= Andrés Briseño =

Andrés Briseño is a Mexican beauty pageant titleholder and law student who was crowned Mister International 2026 on September 26, 2026, at MCC Hall of The Mall Lifestore Bangkapi in Bangkok, Thailand. Representing Mexico, he became the first Mexican to win the Mister International title.

== Early life and education ==

Briseño is from Mazatlán, Sinaloa, Mexico. He is a law student and has a background in athletics. His sporting activities have included baseball, archery, basketball, American football, swimming, tennis, and golf.

Reports published following his international victory have differed regarding his age, with Mexican media variously identifying him as 21 and 22 years old.

== Pageantry ==

=== Mr Model México ===

Briseño represented Sinaloa in the 2026 edition of Mr Model México. He finished as the national runner-up and subsequently received the Mister International Mexico 2026 title, qualifying him to represent Mexico at Mister International 2026.

Prior to the international competition, Briseño discussed his preparation for the competition, which included physical training, runway presentation, public speaking, reading, and improving his English-language skills.

=== Mister International 2026 ===

Briseño represented Mexico at Mister International 2026, the 18th edition of the international men's beauty pageant. The final was held on September 26, 2026, at MCC Hall of The Mall Lifestore Bangkapi in Bangkok.
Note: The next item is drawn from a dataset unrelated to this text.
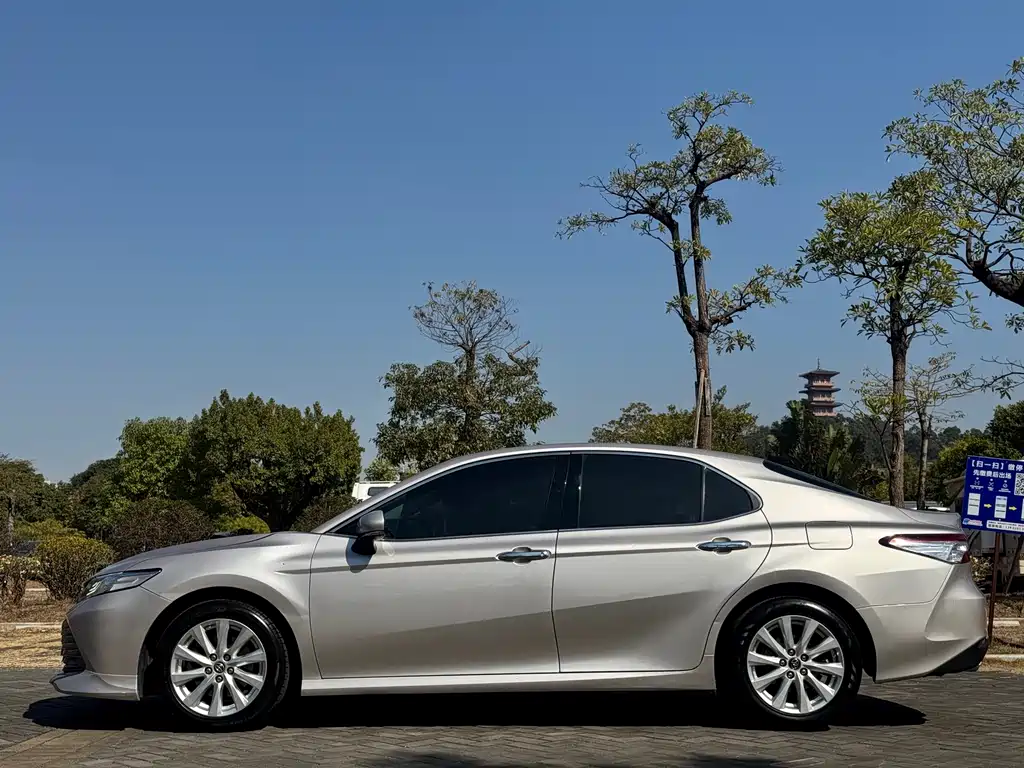 Toyota Camry 2020 — фото 21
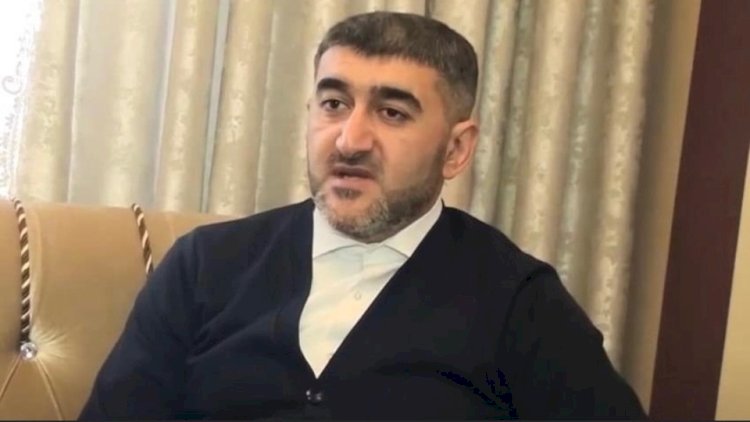    “Başdaşına qadınların açıq-saçıq şəklini vurmaq olmaz, onlar günaha batır”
The competition featured representatives from 52 countries and territories.

During the competition, Briseño participated in preliminary events including the national costume, swimwear, and evening-wear competitions. For the national costume presentation, he represented Mexico in a traditional charro-inspired outfit.

At the final, Briseño was crowned Mister International 2026, succeeding Kirk Bondad of the Philippines, who won the title in 2025.

His victory marked the first time that Mexico had won the Mister International title.